Key exclusion criteria included previous treatment with an anti-HER2 therapy; prior treatment with any systemic anti-cancer therapy within 3 weeks of the first dose of study treatment; clinically significant cardiopulmonary disease; known myocardial infarction, unstable angina, cardiac or other vascular stenting, angioplasty, or cardiac surgery with 6 months of the first dose of study treatment; and a major surgical procedure, open biopsy, or significant injury within 28 days prior to enrollment.
Patients were not permitted to enroll if they had remaining toxicities related to prior anti-cancer treatment that had not resolved to grade 1 or lower, except for alopecia, neuropathy, anemia, and decreased absolute neutrophil count, which needed to resolve to grade 2 or lower. Notably, in patients who had congestive heart failure as a toxicity to prior anti-cancer treatment, the adverse effect (AE) needed to be grade 1 or lower at the time of occurrence and must have resolved completely prior to trial enrollment.
In the first part of the trial, patients were enrolled into cohort A and received tucatinib plus trastuzumab. In the second part of the trial, patients were randomized to cohort B to receive the combination or cohort C to receive tucatinib alone. Notably, patients in cohort C who did not respond to therapy were permitted to receive tucatinib plus trastuzumab.
In cohort A, patients received oral tucatinib twice per day, plus intravenous trastuzumab on day 1 of every 21-day cycle. Following randomization, cohort B followed same dosing protocol, and patients in cohort C received oral tucatinib twice per day.

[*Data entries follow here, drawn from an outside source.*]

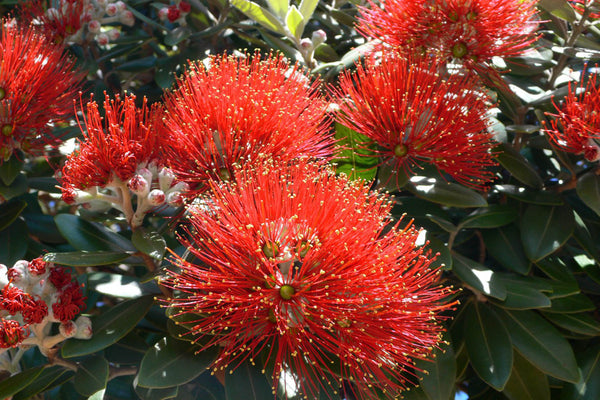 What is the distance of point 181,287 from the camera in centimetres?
136

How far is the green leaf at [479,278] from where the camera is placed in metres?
1.66

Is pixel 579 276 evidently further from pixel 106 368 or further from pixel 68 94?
pixel 68 94

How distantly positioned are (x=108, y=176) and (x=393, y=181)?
0.76 meters

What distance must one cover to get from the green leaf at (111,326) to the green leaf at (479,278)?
2.72 ft

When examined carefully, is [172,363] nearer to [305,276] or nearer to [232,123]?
[305,276]

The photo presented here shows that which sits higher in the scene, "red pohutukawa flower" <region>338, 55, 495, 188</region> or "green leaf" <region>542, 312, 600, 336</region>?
"red pohutukawa flower" <region>338, 55, 495, 188</region>

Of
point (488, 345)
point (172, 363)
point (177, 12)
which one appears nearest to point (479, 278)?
point (488, 345)

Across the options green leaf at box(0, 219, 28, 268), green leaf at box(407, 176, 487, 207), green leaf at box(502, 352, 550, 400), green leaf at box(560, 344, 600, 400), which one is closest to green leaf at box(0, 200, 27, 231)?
green leaf at box(0, 219, 28, 268)

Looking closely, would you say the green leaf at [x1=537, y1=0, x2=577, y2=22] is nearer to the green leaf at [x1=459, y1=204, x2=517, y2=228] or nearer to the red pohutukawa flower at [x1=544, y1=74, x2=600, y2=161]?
the red pohutukawa flower at [x1=544, y1=74, x2=600, y2=161]

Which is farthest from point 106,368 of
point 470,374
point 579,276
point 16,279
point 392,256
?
point 579,276

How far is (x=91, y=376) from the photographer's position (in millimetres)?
1568

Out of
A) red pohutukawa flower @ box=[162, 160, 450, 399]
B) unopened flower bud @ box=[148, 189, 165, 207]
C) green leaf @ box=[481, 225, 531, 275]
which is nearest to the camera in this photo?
red pohutukawa flower @ box=[162, 160, 450, 399]

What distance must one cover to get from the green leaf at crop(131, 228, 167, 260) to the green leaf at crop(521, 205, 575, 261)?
103 centimetres

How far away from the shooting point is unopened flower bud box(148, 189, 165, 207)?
1.51 meters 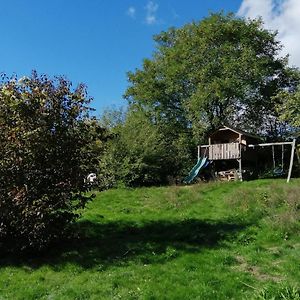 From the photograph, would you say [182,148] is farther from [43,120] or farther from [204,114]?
[43,120]

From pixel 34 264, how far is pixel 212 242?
215 inches

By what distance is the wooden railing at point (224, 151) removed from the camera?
33.0 m

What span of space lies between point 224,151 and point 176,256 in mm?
21617

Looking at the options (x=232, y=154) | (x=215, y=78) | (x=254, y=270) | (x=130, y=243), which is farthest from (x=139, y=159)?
(x=254, y=270)

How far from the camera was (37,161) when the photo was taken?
13.6 meters

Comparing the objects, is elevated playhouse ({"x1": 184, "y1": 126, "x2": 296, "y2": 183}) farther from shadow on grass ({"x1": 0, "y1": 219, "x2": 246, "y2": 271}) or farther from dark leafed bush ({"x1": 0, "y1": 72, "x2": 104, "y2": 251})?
dark leafed bush ({"x1": 0, "y1": 72, "x2": 104, "y2": 251})

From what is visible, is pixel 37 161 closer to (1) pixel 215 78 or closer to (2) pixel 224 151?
(2) pixel 224 151

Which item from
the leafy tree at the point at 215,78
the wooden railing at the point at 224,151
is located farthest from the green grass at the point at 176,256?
the leafy tree at the point at 215,78

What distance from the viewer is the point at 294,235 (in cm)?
1414

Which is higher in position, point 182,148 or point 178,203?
point 182,148

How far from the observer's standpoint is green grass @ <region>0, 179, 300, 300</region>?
10.5 meters

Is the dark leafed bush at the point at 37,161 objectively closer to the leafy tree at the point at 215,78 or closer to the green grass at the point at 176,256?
the green grass at the point at 176,256

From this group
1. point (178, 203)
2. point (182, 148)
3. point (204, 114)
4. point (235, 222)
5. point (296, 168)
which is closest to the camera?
point (235, 222)

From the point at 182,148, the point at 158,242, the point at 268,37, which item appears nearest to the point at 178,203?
the point at 158,242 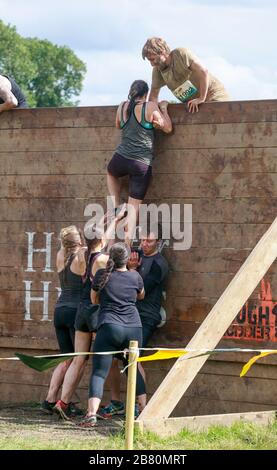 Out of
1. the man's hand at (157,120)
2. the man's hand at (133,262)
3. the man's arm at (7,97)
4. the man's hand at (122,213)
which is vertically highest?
the man's arm at (7,97)

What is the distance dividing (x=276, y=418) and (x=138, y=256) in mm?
2000

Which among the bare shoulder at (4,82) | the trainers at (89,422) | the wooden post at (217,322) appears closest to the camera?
the wooden post at (217,322)

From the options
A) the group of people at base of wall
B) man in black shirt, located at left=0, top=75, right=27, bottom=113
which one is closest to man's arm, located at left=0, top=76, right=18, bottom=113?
man in black shirt, located at left=0, top=75, right=27, bottom=113

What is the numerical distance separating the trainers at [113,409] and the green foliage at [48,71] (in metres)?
55.0

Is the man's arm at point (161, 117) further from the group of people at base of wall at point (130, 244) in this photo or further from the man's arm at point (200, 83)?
the man's arm at point (200, 83)

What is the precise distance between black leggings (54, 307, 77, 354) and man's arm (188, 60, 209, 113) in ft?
6.89

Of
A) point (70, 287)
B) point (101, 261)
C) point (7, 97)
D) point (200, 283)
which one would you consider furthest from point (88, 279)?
point (7, 97)

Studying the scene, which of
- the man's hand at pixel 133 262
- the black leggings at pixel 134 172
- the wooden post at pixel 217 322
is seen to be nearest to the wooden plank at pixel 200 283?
the man's hand at pixel 133 262

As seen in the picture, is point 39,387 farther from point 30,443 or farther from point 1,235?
point 30,443

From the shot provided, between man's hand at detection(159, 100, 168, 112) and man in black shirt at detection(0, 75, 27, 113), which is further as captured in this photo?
man in black shirt at detection(0, 75, 27, 113)

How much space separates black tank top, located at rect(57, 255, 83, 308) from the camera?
404 inches

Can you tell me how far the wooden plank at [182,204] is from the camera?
10.1 meters

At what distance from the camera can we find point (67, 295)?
33.9 ft

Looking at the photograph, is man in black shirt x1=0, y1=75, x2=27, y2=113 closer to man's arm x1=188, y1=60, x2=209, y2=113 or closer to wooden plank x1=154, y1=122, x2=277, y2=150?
wooden plank x1=154, y1=122, x2=277, y2=150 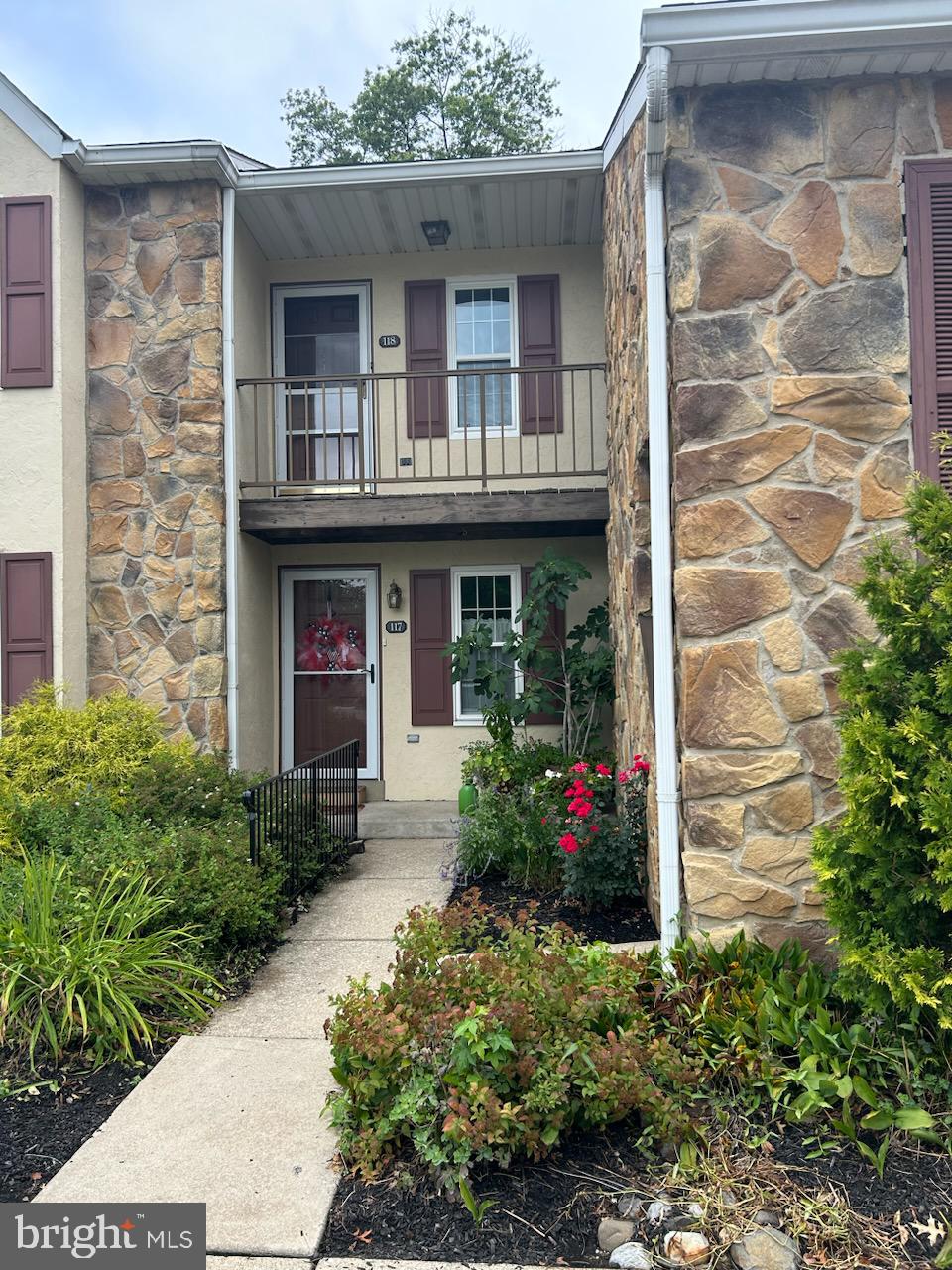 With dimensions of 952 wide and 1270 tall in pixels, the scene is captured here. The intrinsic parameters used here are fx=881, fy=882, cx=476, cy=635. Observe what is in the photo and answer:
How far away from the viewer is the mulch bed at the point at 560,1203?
2.50 metres

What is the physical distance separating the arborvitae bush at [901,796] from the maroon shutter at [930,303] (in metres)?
0.88

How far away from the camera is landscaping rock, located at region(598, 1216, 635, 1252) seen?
2521 millimetres

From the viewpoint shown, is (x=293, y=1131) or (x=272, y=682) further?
(x=272, y=682)

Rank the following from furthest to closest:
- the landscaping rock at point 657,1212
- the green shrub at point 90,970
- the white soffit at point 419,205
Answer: the white soffit at point 419,205 < the green shrub at point 90,970 < the landscaping rock at point 657,1212

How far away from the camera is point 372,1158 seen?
110 inches

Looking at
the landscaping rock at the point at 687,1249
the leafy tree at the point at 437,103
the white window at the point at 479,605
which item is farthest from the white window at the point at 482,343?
the leafy tree at the point at 437,103

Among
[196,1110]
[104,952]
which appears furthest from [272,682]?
[196,1110]

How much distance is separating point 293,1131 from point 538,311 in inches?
297

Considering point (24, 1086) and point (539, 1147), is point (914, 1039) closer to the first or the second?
point (539, 1147)

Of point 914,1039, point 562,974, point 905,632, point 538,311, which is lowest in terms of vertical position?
point 914,1039

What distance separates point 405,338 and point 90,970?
22.2ft

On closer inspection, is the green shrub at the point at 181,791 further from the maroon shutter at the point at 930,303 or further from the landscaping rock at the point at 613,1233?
the maroon shutter at the point at 930,303

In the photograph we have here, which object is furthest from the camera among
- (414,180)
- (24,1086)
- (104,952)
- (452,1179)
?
(414,180)

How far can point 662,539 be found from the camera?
400 centimetres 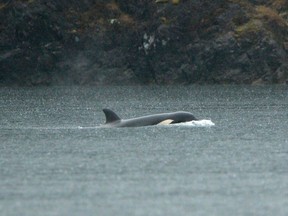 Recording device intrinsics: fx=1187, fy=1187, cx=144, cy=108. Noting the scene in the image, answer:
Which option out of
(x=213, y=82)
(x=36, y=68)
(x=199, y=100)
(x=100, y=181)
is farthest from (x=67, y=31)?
(x=100, y=181)

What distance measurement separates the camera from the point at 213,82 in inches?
4555

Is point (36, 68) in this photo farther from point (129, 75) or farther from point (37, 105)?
point (37, 105)

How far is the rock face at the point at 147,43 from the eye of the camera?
11500 cm

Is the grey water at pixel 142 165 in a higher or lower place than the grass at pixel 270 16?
lower

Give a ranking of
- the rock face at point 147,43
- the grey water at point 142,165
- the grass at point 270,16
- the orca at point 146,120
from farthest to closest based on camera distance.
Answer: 1. the grass at point 270,16
2. the rock face at point 147,43
3. the orca at point 146,120
4. the grey water at point 142,165

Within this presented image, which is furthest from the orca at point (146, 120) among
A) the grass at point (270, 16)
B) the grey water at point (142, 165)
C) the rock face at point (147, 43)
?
the grass at point (270, 16)

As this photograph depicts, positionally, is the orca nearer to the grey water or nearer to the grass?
the grey water

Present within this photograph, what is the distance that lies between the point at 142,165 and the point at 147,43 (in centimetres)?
8089

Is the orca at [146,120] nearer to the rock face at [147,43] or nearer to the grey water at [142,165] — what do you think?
the grey water at [142,165]

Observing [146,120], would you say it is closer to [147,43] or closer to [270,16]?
[147,43]

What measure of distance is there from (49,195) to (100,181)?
2773mm

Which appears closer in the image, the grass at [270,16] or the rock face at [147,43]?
the rock face at [147,43]

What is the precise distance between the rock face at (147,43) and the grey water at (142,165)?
49123 millimetres

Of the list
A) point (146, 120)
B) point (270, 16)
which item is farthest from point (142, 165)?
point (270, 16) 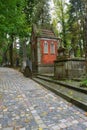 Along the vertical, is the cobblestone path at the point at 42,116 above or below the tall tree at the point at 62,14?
below

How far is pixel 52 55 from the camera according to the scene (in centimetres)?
2931

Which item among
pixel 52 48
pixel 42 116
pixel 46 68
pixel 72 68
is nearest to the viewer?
pixel 42 116

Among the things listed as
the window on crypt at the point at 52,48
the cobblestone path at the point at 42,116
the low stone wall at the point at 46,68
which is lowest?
the cobblestone path at the point at 42,116

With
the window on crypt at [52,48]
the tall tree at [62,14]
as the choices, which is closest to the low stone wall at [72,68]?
the window on crypt at [52,48]

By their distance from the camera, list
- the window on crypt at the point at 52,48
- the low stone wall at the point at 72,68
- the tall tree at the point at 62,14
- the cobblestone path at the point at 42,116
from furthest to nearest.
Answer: the tall tree at the point at 62,14
the window on crypt at the point at 52,48
the low stone wall at the point at 72,68
the cobblestone path at the point at 42,116

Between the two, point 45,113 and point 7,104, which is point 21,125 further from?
point 7,104

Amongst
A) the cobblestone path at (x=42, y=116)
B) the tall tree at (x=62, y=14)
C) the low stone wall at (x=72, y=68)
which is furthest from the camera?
the tall tree at (x=62, y=14)

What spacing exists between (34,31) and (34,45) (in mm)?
2151

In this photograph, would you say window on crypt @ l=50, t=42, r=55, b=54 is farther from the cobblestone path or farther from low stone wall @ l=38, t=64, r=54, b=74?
the cobblestone path

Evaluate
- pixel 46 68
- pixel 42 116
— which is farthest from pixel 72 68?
pixel 46 68

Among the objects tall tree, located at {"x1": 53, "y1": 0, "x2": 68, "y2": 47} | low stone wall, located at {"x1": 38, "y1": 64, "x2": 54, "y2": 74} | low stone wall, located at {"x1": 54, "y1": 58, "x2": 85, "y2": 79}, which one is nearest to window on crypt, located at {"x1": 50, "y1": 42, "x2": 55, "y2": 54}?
low stone wall, located at {"x1": 38, "y1": 64, "x2": 54, "y2": 74}

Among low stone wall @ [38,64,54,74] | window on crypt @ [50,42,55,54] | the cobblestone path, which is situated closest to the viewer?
the cobblestone path

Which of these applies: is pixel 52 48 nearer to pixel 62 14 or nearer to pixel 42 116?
pixel 62 14

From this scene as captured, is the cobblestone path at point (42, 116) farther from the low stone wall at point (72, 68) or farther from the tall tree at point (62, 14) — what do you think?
the tall tree at point (62, 14) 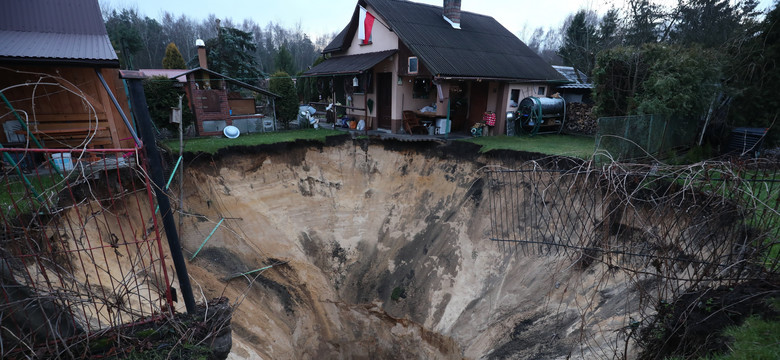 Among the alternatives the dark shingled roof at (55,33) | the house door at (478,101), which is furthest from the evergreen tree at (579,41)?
the dark shingled roof at (55,33)

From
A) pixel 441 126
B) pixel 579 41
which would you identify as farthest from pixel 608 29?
pixel 441 126

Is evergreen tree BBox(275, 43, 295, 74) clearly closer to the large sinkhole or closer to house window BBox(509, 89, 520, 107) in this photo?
the large sinkhole

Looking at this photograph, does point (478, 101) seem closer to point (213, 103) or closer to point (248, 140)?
point (248, 140)

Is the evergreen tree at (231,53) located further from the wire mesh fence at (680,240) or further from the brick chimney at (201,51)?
the wire mesh fence at (680,240)

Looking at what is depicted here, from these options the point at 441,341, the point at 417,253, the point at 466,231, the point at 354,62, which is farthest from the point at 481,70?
the point at 441,341

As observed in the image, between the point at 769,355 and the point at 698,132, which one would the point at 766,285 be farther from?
the point at 698,132

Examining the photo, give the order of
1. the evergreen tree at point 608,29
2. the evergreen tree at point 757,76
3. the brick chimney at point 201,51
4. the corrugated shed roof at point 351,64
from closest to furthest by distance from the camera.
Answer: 1. the evergreen tree at point 757,76
2. the corrugated shed roof at point 351,64
3. the brick chimney at point 201,51
4. the evergreen tree at point 608,29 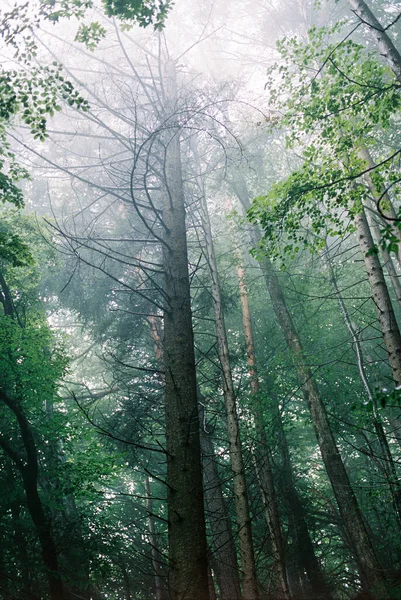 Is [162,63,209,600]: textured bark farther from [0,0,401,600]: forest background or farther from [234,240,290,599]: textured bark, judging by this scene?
[234,240,290,599]: textured bark

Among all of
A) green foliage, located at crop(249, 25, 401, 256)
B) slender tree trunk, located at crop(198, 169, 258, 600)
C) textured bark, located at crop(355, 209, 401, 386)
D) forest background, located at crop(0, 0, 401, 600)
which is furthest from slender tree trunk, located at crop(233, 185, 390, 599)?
green foliage, located at crop(249, 25, 401, 256)

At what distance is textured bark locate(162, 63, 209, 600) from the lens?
320 centimetres

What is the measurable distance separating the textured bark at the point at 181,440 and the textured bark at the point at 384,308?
2534 millimetres

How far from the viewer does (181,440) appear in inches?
146

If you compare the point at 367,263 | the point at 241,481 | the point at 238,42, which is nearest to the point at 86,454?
the point at 241,481

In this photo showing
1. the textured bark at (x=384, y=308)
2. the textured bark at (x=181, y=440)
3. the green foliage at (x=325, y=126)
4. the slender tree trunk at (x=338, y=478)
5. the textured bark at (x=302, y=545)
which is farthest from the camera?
the textured bark at (x=302, y=545)

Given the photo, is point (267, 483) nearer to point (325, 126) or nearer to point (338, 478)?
point (338, 478)

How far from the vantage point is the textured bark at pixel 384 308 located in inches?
207

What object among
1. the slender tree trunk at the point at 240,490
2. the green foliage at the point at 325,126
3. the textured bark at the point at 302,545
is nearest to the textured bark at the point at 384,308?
the green foliage at the point at 325,126

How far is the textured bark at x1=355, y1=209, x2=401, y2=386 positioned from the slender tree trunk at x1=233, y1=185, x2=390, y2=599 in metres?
2.06

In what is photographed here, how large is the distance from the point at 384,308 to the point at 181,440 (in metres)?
3.55

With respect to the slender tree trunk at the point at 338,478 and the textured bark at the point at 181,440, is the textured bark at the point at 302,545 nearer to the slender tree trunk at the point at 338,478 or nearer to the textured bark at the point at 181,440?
the slender tree trunk at the point at 338,478

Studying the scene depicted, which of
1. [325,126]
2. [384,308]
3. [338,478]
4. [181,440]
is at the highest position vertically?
[325,126]

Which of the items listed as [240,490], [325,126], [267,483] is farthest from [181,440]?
[267,483] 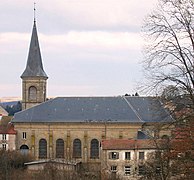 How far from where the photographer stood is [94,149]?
6506cm

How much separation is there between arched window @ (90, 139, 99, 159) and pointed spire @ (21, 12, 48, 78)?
13.1 meters

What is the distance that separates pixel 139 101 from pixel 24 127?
1384 cm

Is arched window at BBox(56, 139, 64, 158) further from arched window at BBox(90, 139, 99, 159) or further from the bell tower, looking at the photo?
the bell tower

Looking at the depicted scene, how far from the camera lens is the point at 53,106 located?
6681 cm

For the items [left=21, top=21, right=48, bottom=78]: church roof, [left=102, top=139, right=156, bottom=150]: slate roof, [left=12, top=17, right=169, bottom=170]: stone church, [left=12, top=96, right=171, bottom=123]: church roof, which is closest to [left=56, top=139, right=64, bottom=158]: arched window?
[left=12, top=17, right=169, bottom=170]: stone church

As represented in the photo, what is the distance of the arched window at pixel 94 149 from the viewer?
64.7 m

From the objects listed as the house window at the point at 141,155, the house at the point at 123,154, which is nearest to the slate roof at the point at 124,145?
the house at the point at 123,154

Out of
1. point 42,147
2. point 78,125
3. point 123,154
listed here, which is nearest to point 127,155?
point 123,154

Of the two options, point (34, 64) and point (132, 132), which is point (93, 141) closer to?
point (132, 132)

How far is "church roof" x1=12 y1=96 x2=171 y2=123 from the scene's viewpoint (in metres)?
64.1

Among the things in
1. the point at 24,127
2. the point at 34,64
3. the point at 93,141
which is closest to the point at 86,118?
the point at 93,141

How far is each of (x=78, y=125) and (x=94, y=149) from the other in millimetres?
3375

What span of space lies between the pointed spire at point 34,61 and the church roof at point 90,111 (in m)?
6.80

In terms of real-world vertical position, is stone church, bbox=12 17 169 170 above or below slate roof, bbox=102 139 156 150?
above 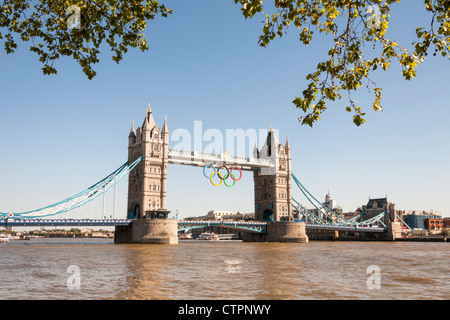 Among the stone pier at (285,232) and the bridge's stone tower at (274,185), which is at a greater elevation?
the bridge's stone tower at (274,185)

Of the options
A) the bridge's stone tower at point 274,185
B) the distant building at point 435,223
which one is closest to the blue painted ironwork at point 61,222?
the bridge's stone tower at point 274,185

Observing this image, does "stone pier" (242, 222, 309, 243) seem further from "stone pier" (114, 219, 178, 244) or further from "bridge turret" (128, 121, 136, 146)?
"bridge turret" (128, 121, 136, 146)

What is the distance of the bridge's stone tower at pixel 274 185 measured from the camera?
87.1 m

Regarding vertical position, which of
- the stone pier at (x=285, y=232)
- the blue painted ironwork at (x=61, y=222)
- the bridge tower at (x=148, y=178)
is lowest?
the stone pier at (x=285, y=232)

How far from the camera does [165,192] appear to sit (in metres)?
69.8

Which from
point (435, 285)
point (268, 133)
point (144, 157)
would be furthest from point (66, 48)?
point (268, 133)

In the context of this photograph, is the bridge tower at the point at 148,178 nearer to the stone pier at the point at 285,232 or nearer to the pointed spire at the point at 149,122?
the pointed spire at the point at 149,122

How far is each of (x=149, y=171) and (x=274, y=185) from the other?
98.8ft

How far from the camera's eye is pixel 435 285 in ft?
55.1

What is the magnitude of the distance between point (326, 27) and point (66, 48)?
584cm

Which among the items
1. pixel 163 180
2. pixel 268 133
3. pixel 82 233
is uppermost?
pixel 268 133

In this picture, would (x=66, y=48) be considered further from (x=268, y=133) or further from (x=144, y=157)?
(x=268, y=133)

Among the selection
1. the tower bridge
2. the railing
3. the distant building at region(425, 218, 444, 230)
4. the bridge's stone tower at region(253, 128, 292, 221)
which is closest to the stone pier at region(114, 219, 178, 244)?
the tower bridge

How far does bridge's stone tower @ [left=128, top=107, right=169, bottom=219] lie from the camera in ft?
224
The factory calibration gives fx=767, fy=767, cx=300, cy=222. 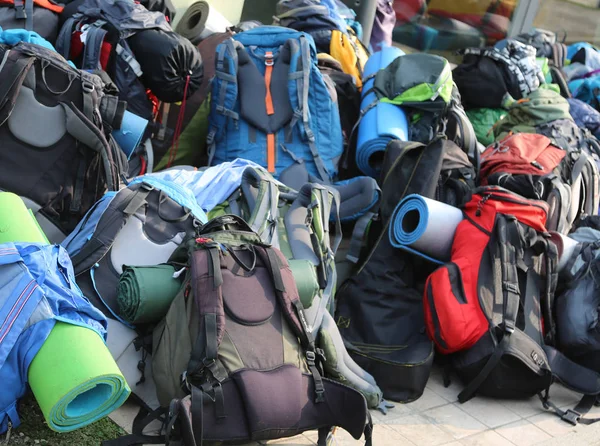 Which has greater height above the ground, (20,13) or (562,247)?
(20,13)

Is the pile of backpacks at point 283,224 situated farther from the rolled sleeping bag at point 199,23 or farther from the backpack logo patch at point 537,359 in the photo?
the rolled sleeping bag at point 199,23

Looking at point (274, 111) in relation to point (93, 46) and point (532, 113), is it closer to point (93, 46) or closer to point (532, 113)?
point (93, 46)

The primary end point of the trial was confirmed ORR per RECIST v1.1 criteria, according to BICR. Secondary end points included ORR at 12 weeks of treatment and DOR per RECIST v1.1 criteria, according to BICR. Progression-free survival and overall survival were also secondary end points, with pooled data from cohorts A and B. Other secondary objectives were incidence of AEs, dose modifications, and laboratory abnormalities.
Regarding safety in HER2CLIMB, serious AEs occurred in 26% of patients who received tucatinib, including diarrhea (4%), vomiting (2.5%), nausea (2%), abdominal pain (2%), and seizure (2%). Fatal AEs occurred in 2% of patients who received tucatinib, including sudden death, sepsis, dehydration, and cardiogenic shock. The most common AEs of any grade in patients who received tucatinib included diarrhea, palmar-plantar erythrodysesthesia, nausea, fatigue, hepatotoxicity, vomiting, stomatitis, decreased appetite, abdominal pain, headache, anemia, and rash, with all occurring in at least 20% of patients.
Treatment discontinuation due to AEs occurred in 6% of patients who received tucatinib, including hepatotoxicity (1.5%) and diarrhea (1%). Additionally, 21% of patients given tucatinib experienced AEs that led to dose reduction, including hepatotoxicity (8%) and diarrhea (6%).
Full data from MOUNTAINEER will be presented at the 2022 ESMO World Congress on Gastrointestinal Cancer on June 29 through July 2 in Barcelona, Spain.